_Exercise description_
Your answer should hold exactly the lines from the one with "Acidente de carro" through the last line of the material below, nothing before and nothing extra.

_Records_

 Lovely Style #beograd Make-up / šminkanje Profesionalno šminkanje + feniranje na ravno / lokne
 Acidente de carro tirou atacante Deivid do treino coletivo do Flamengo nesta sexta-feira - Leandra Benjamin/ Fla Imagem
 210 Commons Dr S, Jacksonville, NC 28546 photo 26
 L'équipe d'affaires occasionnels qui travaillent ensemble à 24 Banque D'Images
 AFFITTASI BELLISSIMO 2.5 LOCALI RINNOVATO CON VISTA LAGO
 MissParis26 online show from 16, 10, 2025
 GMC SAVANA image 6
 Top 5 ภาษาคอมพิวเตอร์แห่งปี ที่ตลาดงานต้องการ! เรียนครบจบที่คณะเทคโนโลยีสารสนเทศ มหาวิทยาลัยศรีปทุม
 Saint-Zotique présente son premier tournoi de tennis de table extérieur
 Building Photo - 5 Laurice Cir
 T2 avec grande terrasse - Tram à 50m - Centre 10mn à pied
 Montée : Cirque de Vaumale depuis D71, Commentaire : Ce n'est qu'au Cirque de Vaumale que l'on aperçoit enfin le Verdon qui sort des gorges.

_Problem solution_
 Acidente de carro tirou atacante Deivid do treino coletivo do Flamengo nesta sexta-feira - Leandra Benjamin/ Fla Imagem
 210 Commons Dr S, Jacksonville, NC 28546 photo 26
 L'équipe d'affaires occasionnels qui travaillent ensemble à 24 Banque D'Images
 AFFITTASI BELLISSIMO 2.5 LOCALI RINNOVATO CON VISTA LAGO
 MissParis26 online show from 16, 10, 2025
 GMC SAVANA image 6
 Top 5 ภาษาคอมพิวเตอร์แห่งปี ที่ตลาดงานต้องการ! เรียนครบจบที่คณะเทคโนโลยีสารสนเทศ มหาวิทยาลัยศรีปทุม
 Saint-Zotique présente son premier tournoi de tennis de table extérieur
 Building Photo - 5 Laurice Cir
 T2 avec grande terrasse - Tram à 50m - Centre 10mn à pied
 Montée : Cirque de Vaumale depuis D71, Commentaire : Ce n'est qu'au Cirque de Vaumale que l'on aperçoit enfin le Verdon qui sort des gorges.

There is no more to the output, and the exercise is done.